Sunday 29 May 2022

Practicalities and Problems in Comparing and Setting FRAND Royalties for SEPs

I was a speaker last week at the Patents in Telecoms & the Internet of Things conference in London. This is an excellent biennial event, organized this year by Professor Sir Robin Jacob of UCL Laws and James Marshall of Taylor Wessing. It focuses on the topic of licensing Standard-essential Patents (SEPs) on Fair, Reasonable and Non-Discriminatory terms. I was on a panel among economists Jorge Padilla, Avantika Chowdbury, Tim Pohlman and Mark Schankerman in one of two sessions on FRAND Determination Methodologies: Principles, procedures and problems. The other session focused on comparable licenses. Our session also considered top-down and value-based methods as well as the economics in bargaining agreements.

I have received some requests from conference attendees asking for my panel session talking points. I am posting these here for access by all.
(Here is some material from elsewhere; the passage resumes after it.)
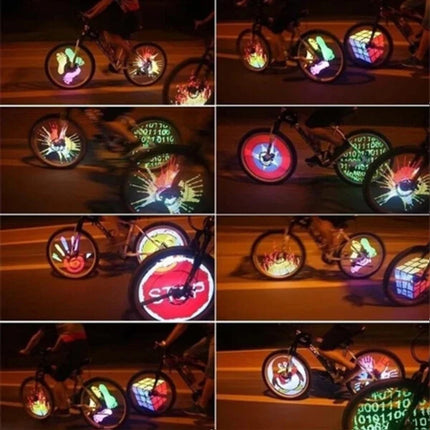 3D Bicycle Spokes LED Light Colorful Wheel Multi-color 16 LED Bike Spokes Lamp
My spoken remarks were slightly different, so as not to duplicate what had been said earlier at the event and to save some time. I have added several hyperlinks —mostly to articles of mine—to provide support to some of my assertions.

Value of SEPs in a large ecosystem downstream

Patented intellectual property in products and services such as cellular is clearly very valuable. In an ecosystem that is only 40 years old for voice services, 30 years old for text messaging and just 25 years old for Internet services, more than 6 billion of the world’s 8 billion population have a mobile phone. There are now more cellular connections than there are people on the planet. For most of these people their mobile phone is their primary or only means of calling or accessing the Internet for communications, information, entertainment and commerce.

According to a new report prepared by Kearney for the GSM Association of mobile operators, the Internet value chain was worth $ 6.7 trillion in 2020, with 28% of that value through connectivity services and devices and the vast majority of that in cellular.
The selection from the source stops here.